§ **What to do**
Go through the listing and copy every line word for word.

========================================

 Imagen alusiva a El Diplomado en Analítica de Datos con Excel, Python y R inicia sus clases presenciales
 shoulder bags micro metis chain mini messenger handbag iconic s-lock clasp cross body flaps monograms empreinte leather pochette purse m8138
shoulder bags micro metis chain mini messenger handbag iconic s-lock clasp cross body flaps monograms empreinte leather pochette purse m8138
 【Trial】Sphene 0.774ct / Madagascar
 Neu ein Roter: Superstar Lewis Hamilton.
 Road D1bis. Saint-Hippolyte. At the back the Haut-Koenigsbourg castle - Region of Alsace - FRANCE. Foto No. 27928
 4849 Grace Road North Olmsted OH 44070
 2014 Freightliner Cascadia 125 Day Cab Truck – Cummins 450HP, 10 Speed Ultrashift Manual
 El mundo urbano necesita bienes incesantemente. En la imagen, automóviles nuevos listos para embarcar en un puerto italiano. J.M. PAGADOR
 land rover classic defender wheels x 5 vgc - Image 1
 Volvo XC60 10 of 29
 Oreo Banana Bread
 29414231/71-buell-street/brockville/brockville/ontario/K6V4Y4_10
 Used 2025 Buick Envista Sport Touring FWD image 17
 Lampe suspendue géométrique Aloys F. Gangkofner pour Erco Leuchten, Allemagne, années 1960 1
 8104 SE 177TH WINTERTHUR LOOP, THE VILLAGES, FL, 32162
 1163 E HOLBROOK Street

========================================

§ **Solution for this exercise**
 Imagen alusiva a El Diplomado en Analítica de Datos con Excel, Python y R inicia sus clases presenciales
 shoulder bags micro metis chain mini messenger handbag iconic s-lock clasp cross body flaps monograms empreinte leather pochette purse m8138
shoulder bags micro metis chain mini messenger handbag iconic s-lock clasp cross body flaps monograms empreinte leather pochette purse m8138
 【Trial】Sphene 0.774ct / Madagascar
 Neu ein Roter: Superstar Lewis Hamilton.
 Road D1bis. Saint-Hippolyte. At the back the Haut-Koenigsbourg castle - Region of Alsace - FRANCE. Foto No. 27928
 4849 Grace Road North Olmsted OH 44070
 2014 Freightliner Cascadia 125 Day Cab Truck – Cummins 450HP, 10 Speed Ultrashift Manual
 El mundo urbano necesita bienes incesantemente. En la imagen, automóviles nuevos listos para embarcar en un puerto italiano. J.M. PAGADOR
 land rover classic defender wheels x 5 vgc - Image 1
 Volvo XC60 10 of 29
 Oreo Banana Bread
 29414231/71-buell-street/brockville/brockville/ontario/K6V4Y4_10
 Used 2025 Buick Envista Sport Touring FWD image 17
 Lampe suspendue géométrique Aloys F. Gangkofner pour Erco Leuchten, Allemagne, années 1960 1
 8104 SE 177TH WINTERTHUR LOOP, THE VILLAGES, FL, 32162
 1163 E HOLBROOK Street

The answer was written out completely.